→ **TASK DIRECTIONS**: Starting with the line that holds "La Roccia Wellness" and stopping after the line that holds "Child Native American Role Play Set - Brown", repeat the lines below word for word, without the pictures.

→ **DATA FOR REVIEW**:
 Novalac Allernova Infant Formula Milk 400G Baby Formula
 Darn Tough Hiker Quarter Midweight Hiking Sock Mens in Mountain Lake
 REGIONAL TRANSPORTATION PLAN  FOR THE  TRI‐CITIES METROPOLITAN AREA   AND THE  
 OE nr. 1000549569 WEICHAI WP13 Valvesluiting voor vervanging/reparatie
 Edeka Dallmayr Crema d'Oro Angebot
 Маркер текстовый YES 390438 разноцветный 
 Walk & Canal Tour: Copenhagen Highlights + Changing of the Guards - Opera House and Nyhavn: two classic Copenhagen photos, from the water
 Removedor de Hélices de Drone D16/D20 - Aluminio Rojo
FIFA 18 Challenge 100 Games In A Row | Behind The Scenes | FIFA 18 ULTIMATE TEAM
...
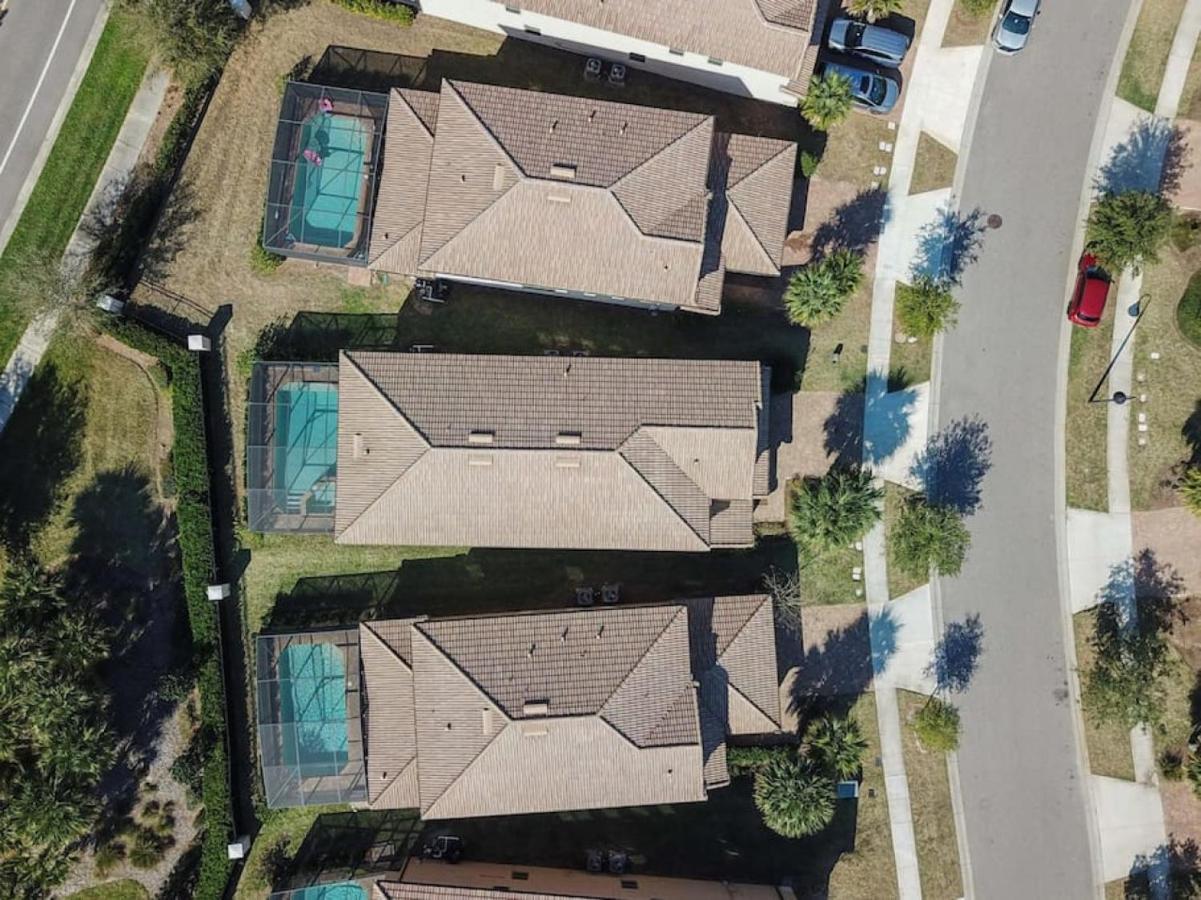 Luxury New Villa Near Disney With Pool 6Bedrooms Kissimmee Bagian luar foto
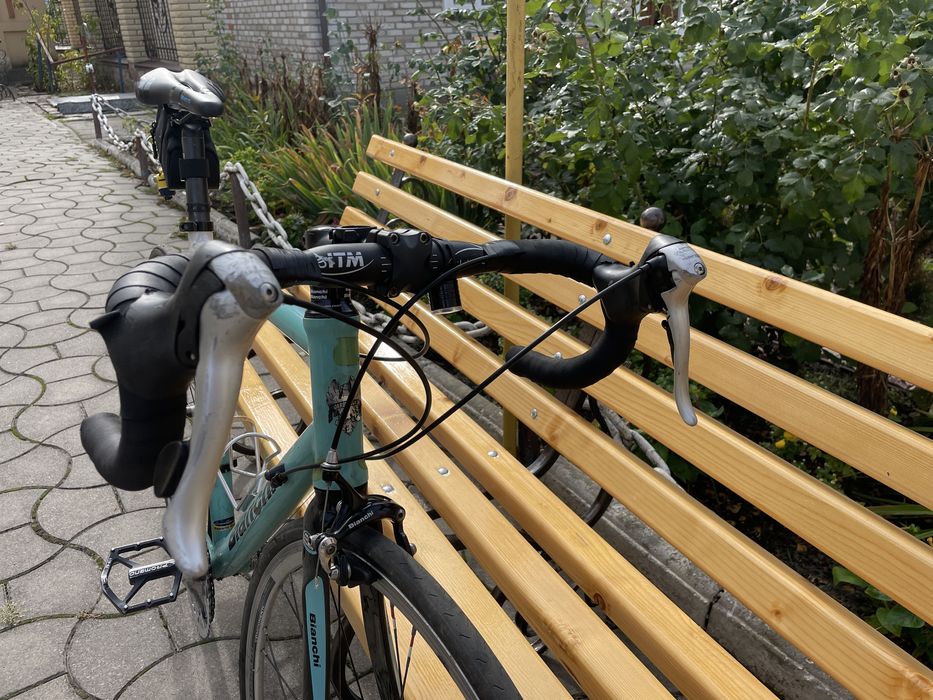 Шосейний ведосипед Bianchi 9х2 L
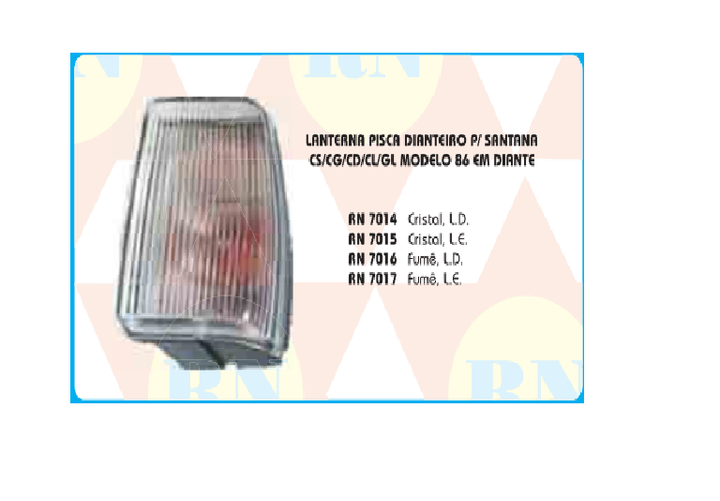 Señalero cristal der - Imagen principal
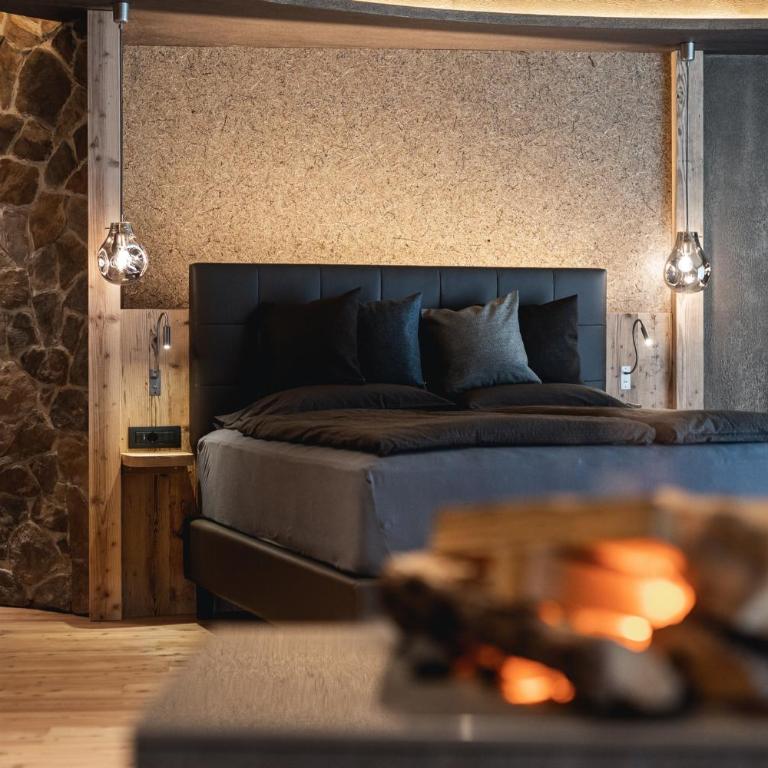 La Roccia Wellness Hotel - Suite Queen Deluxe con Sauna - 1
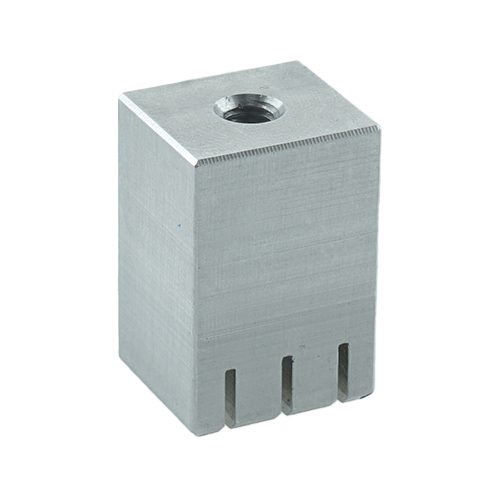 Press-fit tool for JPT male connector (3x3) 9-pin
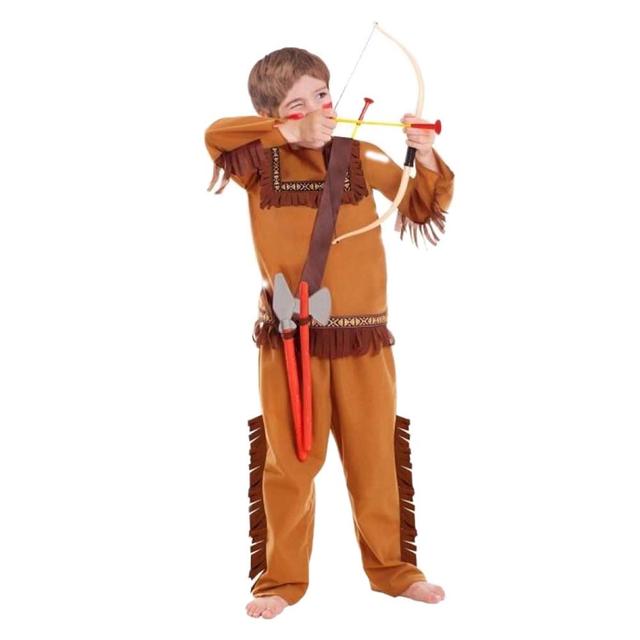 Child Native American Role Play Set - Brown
---
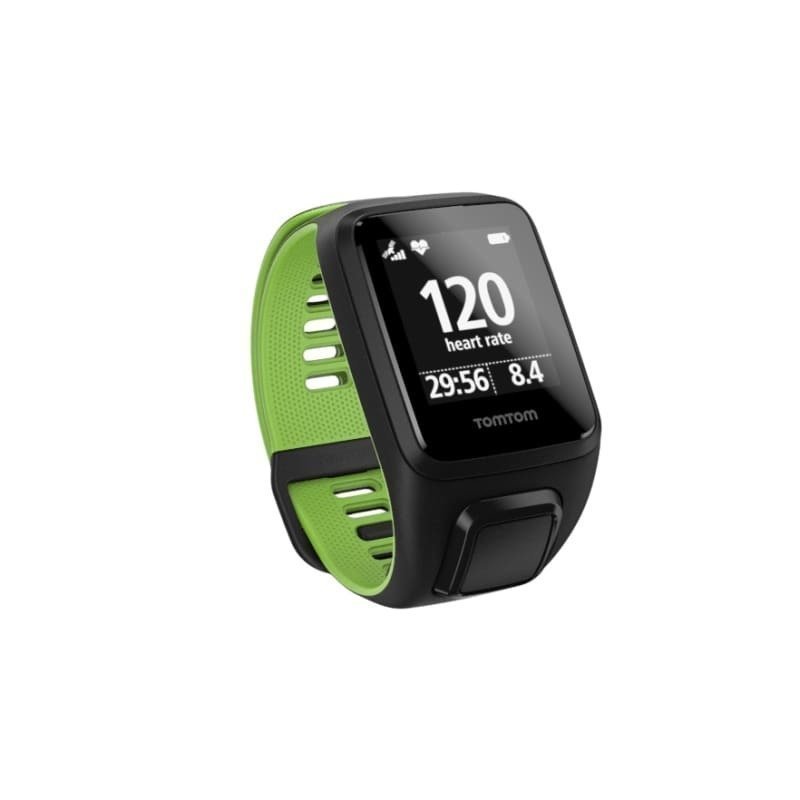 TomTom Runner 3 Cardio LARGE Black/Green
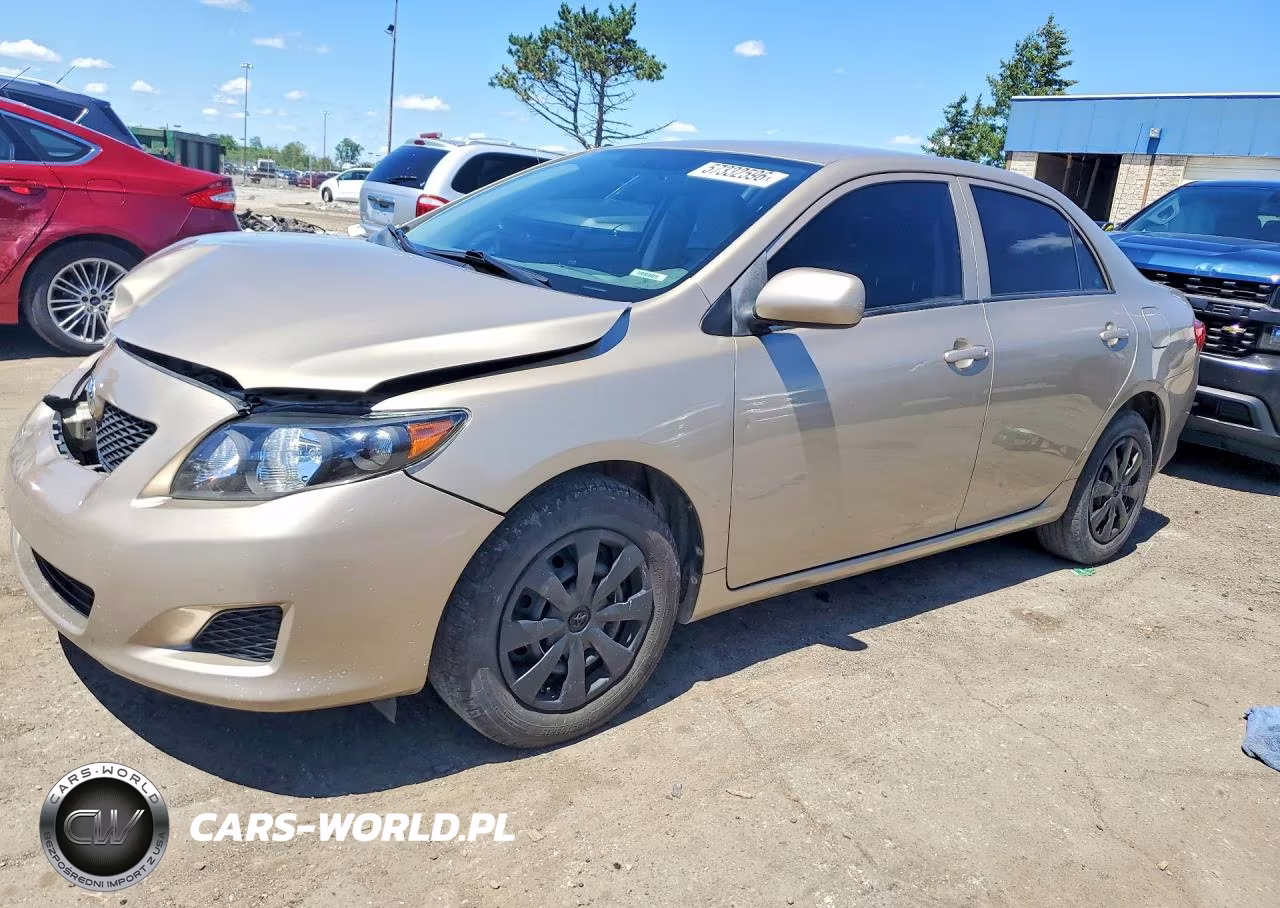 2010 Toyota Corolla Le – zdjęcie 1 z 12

→ **SOLUTION TO THE PROBLEM**:
 La Roccia Wellness Hotel - Suite Queen Deluxe con Sauna - 1
 Press-fit tool for JPT male connector (3x3) 9-pin
 Child Native American Role Play Set - Brown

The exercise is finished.